One result is that digital advocacy organizations have a powerful incentive to accumulate massive email lists. In The MoveOn Effect, I discussed how this change in communications technology is tied to a generational transition among advocacy organizations. Direct mail is a technology that requires narrow lists and high response rates because of the marginal cost incurred by each additional piece of mail. The marginal cost of an additional email recipient is close to zero,14 and this permits broad lists and low response rates, enabling the rise of (p.20) multi-issue progressive generalist organizations like MoveOn and Democracy for America.

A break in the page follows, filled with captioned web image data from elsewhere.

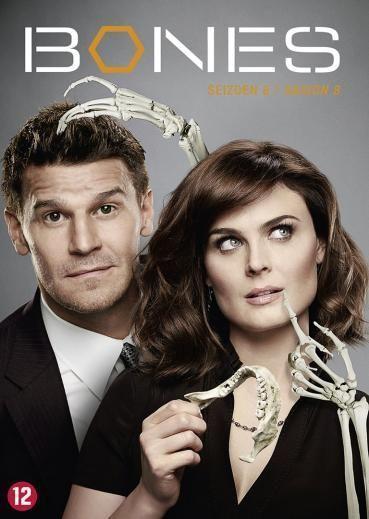 Coverafbeelding emily deschanel, david boreanaz e.a. - bones - seizoen 8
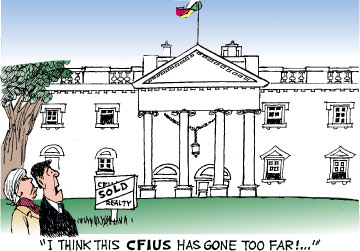 Corky's Editorial cartoon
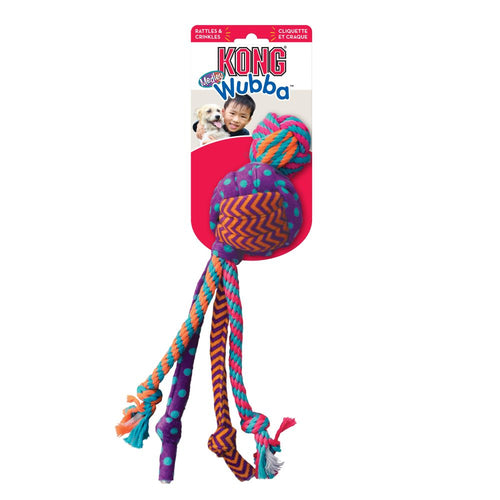 Kong Wubba™ Medley Dog Toy (Small)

In chapter 3, I will discuss a second result of the incentive for list growth. In the past few years, we have witnessed the rise of massive distributed petition platforms like Change.org and MoveOn Petitions. Change.org is a platform where anyone can create his or her own petition, sometimes sparking successful local, national, or global campaigns for change. It is also a for-profit “B-corp,” whose business model consists of generating larger email lists for existing advocacy groups through “sponsored petitions.” And this business model leads Change.org to prioritize list growth–friendly petitions over petitions that are tied to the central political issues of the day. Chapter 3 offers a comparison between Change.org and MoveOn.org’s distributed petition platform, MoveOn Petitions. It analyzes six months of data from these two sites, offering an indication of how their niches and business models affect what types of petitions they support and what types of campaigning they each encourage. Even though both organizations have embraced digital listening, the culture of testing, and the value of scale, we will see that they use analytics to promote entirely divergent models of political engagement. There is virtually no overlap in the petitions and issues that they feature on their sites or in the types of allies and partners that they work with. As we will see in chapter 3, analytic activism does not drive all organizations to a single homogeneous set of tactics or priorities. Analytics provide new tools for listening, experimenting, and monitoring. How an organization makes use of what it hears and learns will vary dramatically, based on its underlying mission, vision, and funding model.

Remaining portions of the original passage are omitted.